Cheney 'told CIA to hide counter-terror info'
Updated on Sunday, July 12, 2009, 12:49 IST
New York, July 12: Former US vice president Dick Cheney had instructed the CIA to withhold information about a secret counter-terrorism programme from Congress for eight years, a media report claimed on Sunday.

The Central Intelligence Agency's (CIA) director Leon E Panetta, who ended the programme when he first learned of its existence on June 23, disclosed this to the Senate and House Intelligence committees in a closed briefing a day later, New York Times reported citing two people with direct knowledge of the matter.

"Because this programme never went fully operational and hadn't been briefed as Panetta thought it should have been, his decision to kill it was neither difficult nor controversial," an official said. "That's worth remembering amid all the drama."

The report that Cheney was behind the decision to conceal the still-unidentified programme from Congress deepened the mystery surrounding it, suggesting that the Bush administration had put a high priority on the programme and its secrecy.

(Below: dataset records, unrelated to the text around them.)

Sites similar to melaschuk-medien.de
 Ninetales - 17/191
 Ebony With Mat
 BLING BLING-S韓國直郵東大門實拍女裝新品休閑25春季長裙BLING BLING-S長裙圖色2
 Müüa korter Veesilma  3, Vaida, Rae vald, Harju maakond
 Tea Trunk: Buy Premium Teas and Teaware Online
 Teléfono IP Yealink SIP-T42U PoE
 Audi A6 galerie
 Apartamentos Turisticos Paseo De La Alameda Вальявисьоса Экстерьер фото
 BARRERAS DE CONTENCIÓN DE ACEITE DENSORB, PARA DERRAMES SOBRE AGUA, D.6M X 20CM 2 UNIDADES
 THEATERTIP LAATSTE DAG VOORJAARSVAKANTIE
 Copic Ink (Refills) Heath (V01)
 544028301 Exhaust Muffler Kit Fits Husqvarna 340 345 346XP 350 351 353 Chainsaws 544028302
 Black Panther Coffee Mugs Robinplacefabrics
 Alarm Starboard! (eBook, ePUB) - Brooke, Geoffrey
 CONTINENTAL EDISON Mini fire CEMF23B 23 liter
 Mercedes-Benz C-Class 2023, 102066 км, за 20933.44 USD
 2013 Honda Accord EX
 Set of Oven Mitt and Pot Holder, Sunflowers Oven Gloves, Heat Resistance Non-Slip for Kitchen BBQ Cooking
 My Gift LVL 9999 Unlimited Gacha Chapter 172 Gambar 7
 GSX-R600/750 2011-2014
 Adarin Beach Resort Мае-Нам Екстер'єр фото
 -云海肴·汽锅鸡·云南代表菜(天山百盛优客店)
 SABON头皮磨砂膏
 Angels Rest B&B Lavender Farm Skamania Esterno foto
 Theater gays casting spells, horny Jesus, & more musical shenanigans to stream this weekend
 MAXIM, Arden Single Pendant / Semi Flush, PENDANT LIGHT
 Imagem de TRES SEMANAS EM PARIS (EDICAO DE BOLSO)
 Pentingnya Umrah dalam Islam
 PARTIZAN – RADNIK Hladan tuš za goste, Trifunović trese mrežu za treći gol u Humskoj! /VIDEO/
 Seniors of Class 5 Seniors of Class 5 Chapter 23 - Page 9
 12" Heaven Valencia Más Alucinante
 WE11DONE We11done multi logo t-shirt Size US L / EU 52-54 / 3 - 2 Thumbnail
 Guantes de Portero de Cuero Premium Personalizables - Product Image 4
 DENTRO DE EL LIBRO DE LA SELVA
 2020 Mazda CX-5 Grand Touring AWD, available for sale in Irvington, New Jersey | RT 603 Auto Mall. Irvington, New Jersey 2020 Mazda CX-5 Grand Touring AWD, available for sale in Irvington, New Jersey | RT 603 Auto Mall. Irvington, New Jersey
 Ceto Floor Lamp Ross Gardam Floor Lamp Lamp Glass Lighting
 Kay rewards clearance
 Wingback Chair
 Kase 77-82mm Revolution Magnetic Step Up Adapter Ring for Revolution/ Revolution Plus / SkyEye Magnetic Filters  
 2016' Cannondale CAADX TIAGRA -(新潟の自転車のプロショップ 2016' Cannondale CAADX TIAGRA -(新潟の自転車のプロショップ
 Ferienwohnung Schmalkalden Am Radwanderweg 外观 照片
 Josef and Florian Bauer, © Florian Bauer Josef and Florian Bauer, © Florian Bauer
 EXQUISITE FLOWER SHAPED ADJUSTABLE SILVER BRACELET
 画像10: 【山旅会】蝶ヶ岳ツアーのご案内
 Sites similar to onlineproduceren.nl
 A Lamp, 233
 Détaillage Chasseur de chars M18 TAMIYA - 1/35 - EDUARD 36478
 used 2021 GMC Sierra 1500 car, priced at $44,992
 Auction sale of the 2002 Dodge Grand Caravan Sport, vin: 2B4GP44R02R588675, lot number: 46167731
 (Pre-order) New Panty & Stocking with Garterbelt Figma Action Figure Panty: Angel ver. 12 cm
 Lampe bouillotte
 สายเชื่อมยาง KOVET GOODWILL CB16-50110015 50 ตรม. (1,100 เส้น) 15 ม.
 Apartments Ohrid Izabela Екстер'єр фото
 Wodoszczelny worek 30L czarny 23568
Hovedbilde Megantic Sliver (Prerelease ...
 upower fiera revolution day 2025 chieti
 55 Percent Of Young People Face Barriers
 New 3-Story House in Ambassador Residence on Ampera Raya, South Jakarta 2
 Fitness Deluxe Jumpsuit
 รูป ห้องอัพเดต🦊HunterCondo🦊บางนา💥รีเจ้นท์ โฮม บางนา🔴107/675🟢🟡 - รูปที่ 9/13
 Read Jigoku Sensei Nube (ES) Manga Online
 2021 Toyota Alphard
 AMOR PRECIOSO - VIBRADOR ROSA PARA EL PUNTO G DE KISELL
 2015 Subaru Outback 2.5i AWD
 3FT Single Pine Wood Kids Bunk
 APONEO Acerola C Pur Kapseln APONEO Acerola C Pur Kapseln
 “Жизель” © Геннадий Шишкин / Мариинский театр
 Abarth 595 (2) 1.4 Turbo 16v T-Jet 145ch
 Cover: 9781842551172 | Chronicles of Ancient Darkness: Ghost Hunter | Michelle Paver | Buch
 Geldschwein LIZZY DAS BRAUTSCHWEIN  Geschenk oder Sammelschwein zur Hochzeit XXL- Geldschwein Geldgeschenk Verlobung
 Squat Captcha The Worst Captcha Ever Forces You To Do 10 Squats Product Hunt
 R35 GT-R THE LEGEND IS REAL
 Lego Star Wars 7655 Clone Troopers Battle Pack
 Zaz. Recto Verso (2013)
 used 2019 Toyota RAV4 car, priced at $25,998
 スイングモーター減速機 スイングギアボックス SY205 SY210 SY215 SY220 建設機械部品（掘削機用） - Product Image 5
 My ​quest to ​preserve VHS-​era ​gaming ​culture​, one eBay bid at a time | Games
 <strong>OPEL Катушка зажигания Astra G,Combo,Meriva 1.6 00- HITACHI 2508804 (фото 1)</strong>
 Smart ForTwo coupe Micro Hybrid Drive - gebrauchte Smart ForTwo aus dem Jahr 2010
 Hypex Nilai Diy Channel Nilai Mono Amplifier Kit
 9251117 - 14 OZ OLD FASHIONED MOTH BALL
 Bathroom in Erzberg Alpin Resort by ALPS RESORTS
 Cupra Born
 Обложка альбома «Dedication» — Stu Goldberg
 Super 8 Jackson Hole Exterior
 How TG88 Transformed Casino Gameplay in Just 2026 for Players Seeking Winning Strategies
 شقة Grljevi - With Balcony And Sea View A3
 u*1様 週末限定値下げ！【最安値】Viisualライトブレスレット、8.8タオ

Intelligence and Congressional officials said the programme was started by the counter-terrorism centre at the CIA shortly after the attacks of September 11, 2001, but never became fully operational, involving planning and some training that took place off and on from 2001 until this year.

In the tense months after 9/11, when Bush administration believed new Qaeda attacks could occur, intelligence officials brainstormed about radical countermeasures. It was in that atmosphere that the unidentified programme was devised and deliberately concealed from Congress, officials said.

The question of how completely the CIA informed Congress about sensitive programmes had been hotly disputed by Democrats and Republicans since May, when Speaker Nancy Pelosi accused the agency of failing to reveal in 2002 that it was waterboarding a terrorism suspect, a claim Panetta rejected.

The briefing occurred only after a terrorism suspect, Abu Zubaydah, had been waterboarded 83 times.

The disclosure about Cheney's role in the unidentified CIA programme comes a day after an Inspector General's report underscored the central role of the former vice president's office in restricting to a small circle of officials knowledge of the National Security Agency's programme of eavesdropping without warrants, a degree of secrecy that the report concluded had hurt the effectiveness of the counter-terrorism surveillance effort.

The law requires the President to make sure the intelligence committees "are kept fully and currently informed of the intelligence activities of the US, including any significant anticipated intelligence activity."